How to complete this task: Among the entries below, retype exactly the lines starting with the one with "Seamless pattern - sweet" and going on through the one with "24 Inch 16:10", but not the pictures.

Records:
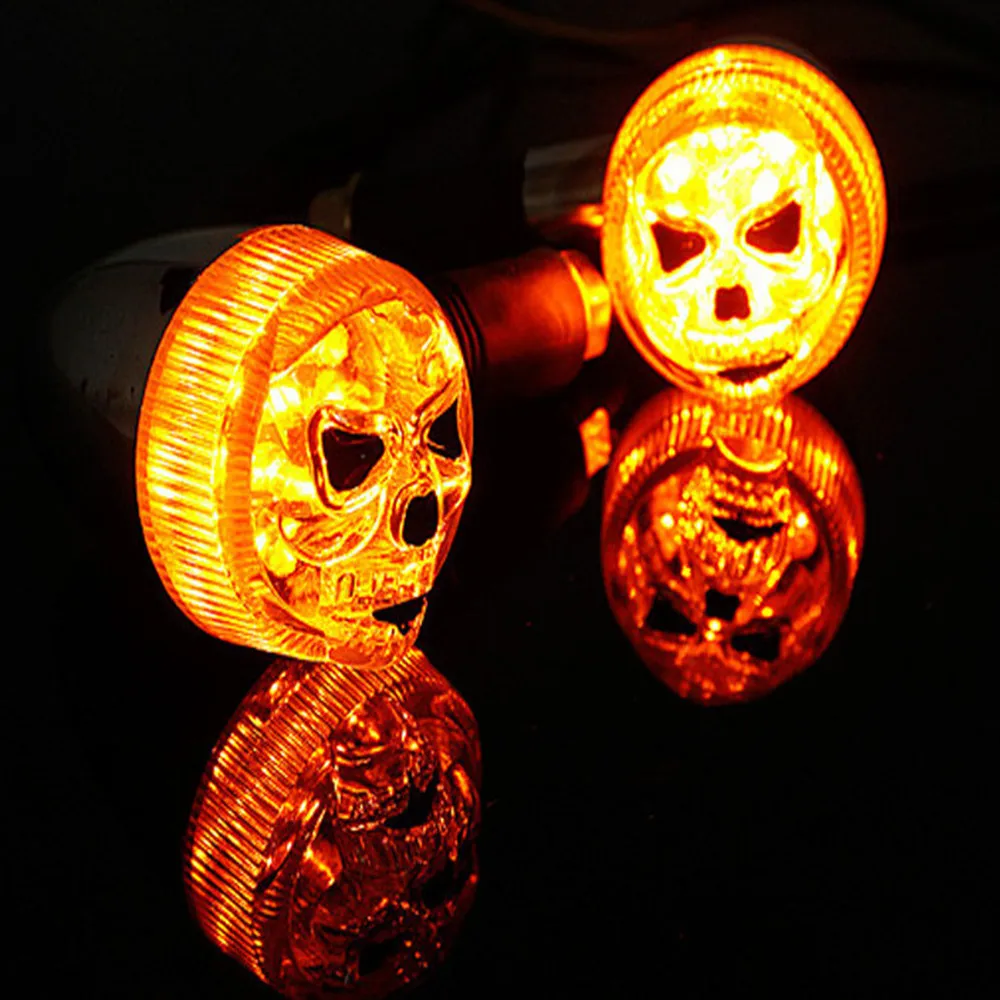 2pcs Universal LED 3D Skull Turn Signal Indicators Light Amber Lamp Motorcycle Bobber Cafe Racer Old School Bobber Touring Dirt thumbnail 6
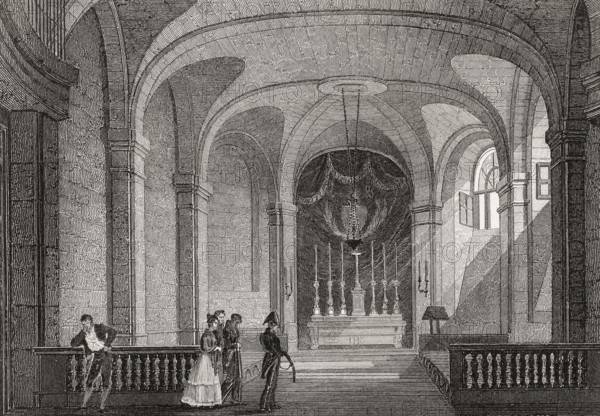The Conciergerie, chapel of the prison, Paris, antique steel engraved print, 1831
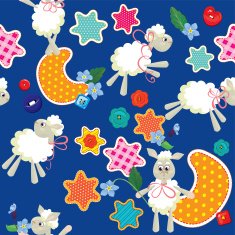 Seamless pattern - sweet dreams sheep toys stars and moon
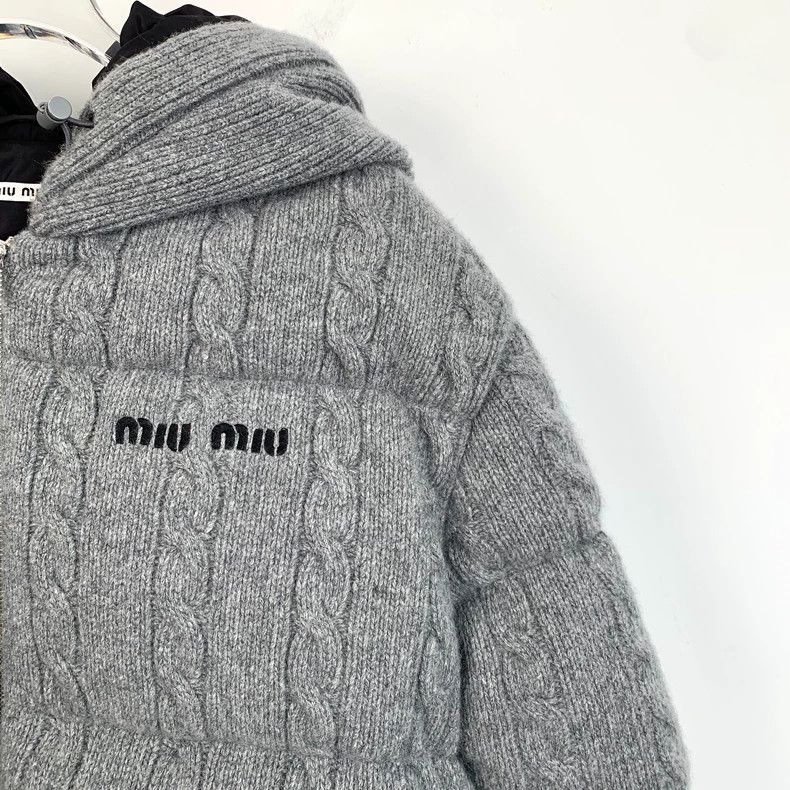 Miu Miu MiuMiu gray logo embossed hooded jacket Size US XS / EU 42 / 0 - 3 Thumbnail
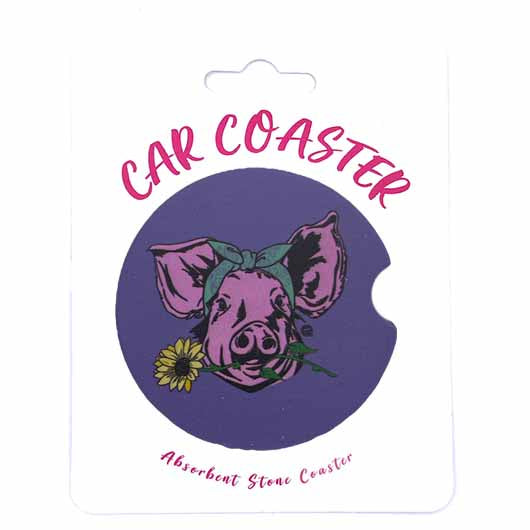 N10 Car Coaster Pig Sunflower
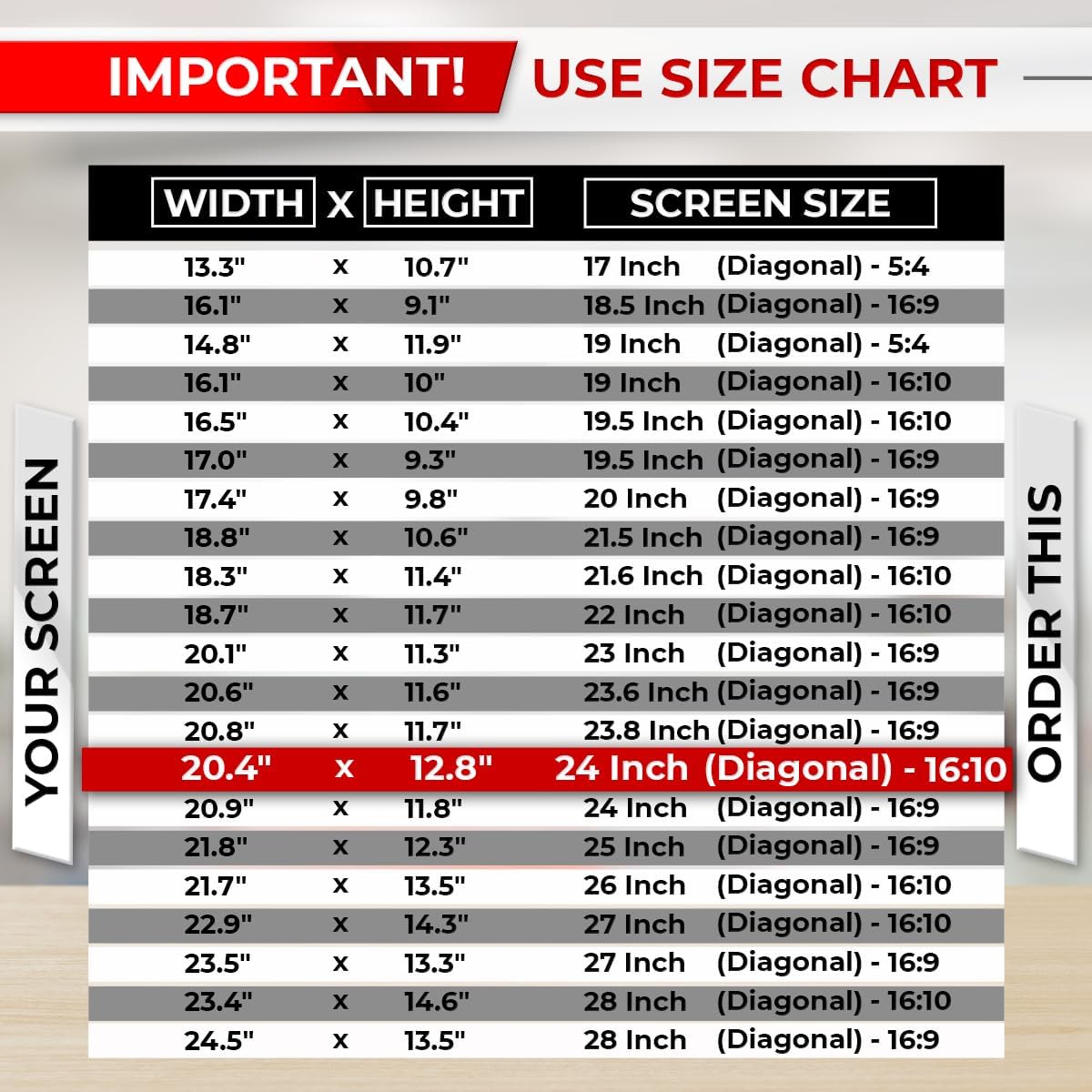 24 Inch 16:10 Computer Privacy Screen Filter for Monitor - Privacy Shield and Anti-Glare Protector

* * *

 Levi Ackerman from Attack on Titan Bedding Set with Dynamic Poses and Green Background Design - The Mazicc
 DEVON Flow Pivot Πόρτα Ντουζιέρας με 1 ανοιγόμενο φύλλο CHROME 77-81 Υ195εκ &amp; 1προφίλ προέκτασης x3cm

---

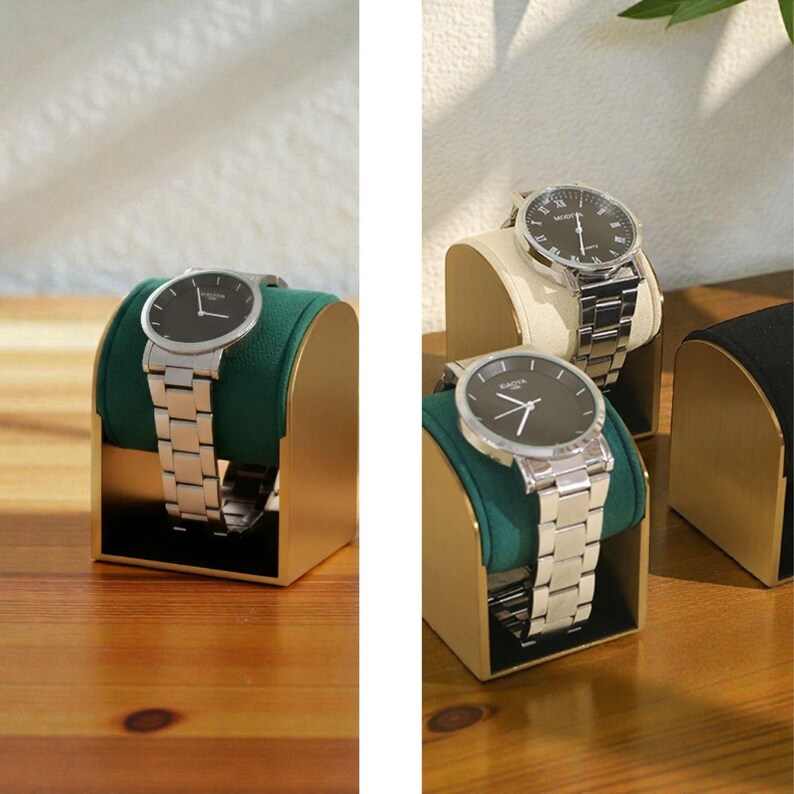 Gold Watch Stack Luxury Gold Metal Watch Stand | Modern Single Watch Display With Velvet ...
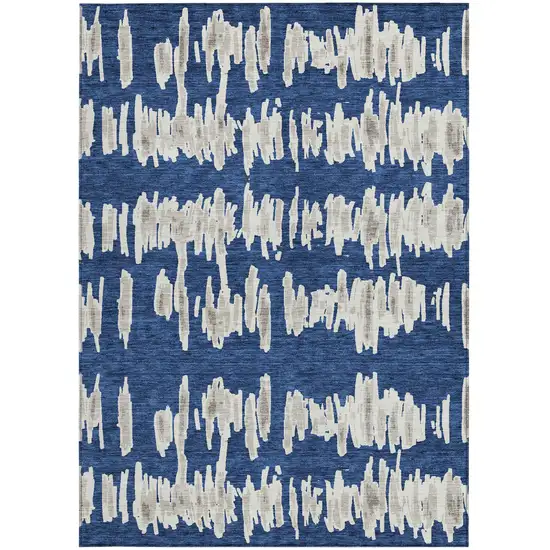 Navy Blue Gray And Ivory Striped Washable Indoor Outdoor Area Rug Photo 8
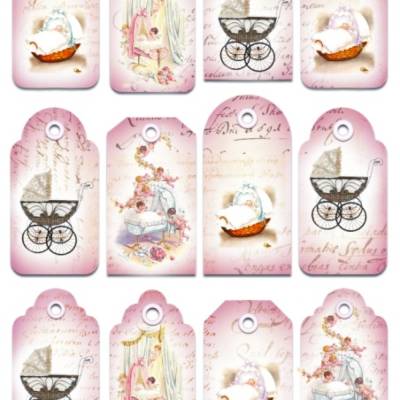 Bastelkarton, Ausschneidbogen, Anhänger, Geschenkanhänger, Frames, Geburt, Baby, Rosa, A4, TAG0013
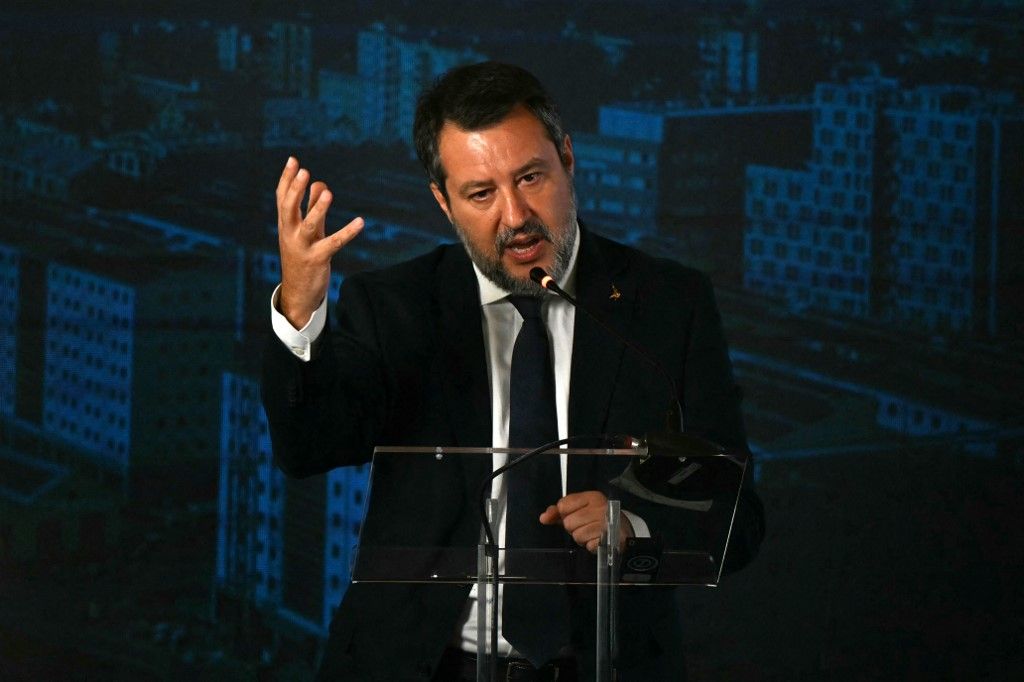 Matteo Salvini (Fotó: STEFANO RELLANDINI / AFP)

Task solution:
 Seamless pattern - sweet dreams sheep toys stars and moon
 Miu Miu MiuMiu gray logo embossed hooded jacket Size US XS / EU 42 / 0 - 3 Thumbnail
 N10 Car Coaster Pig Sunflower
 24 Inch 16:10 Computer Privacy Screen Filter for Monitor - Privacy Shield and Anti-Glare Protector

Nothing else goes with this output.